I've seen scotts offer $1000 sign on bonuses for certified people wanting to join them as a lawn tech. What do lawn techs at scott's make an hr?

whitefrog1
05-17-2008, 01:13 PM
Also on that note.... Does anyone here have a 4 year degree in turf science? As I said I'm afraid that degree would not be applicable in any other field. I hear everyone talking about how most people see lawn care operators as uneducated people who just "mow for a living," but we all know it's way more than that. I could care less about what people think as long as they sign the checks if working for myself. I'm afraid employers would see a 4yr degree in turf as inadequate for anything else incase this isn't the career for me. Any thoughts on that?

Smallaxe
05-17-2008, 09:57 PM
A 4 yr degree to read the label and apply according to intructions and observe the warnings! WOW!

Does Joe 6-pack and Drinking Buddy still have access to these same chemicals to fumigate the shrubs for misquitoes for the weekend Bar-B-que?

We are not the political or educrat elite - so we must be too stupid to spray a dandy lion. Eh? A lot of illegal applicators in TN... I suspect.

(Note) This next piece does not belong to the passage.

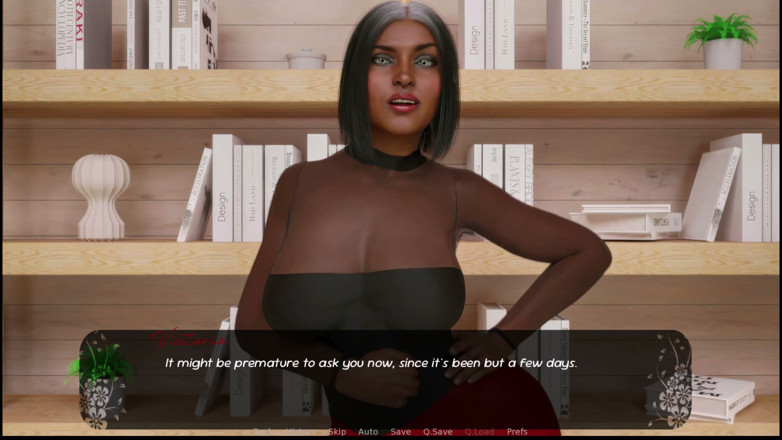 Kitty Gamer: Libertas Probuzení Chtíč 3 Emily Oblečená Sexy a její manžel nic...
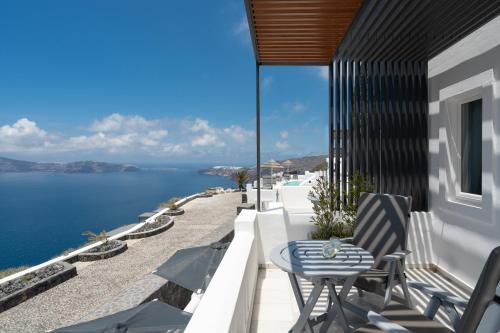 شرفة/ تراس, فندق سانتوريني برينسس (Santorini Princess Hotel) in إيميروفيجلي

Depending on who supports the university system one product will always outshine the others according to the professors whether they work or not :) Am i wrong?

Lawn Works
05-17-2008, 10:30 PM
I have to take the exam soon. Been studying some. How difficult is the exam The wife says I cant take it till I can solve the radius of a circle. Thanks

Smallaxe
05-17-2008, 10:57 PM
Area = pi (3.14) X Radius Squared.

If diameter = 10 then Radius is 5 [or one half] So 5x5=25 [5 squared]

25 x pi = about 75 [plus whatever 25 X .14 equals] Maybe 3 or something?

So a 10 ft diameter circle is about 78 sq. ft. Is that right? :)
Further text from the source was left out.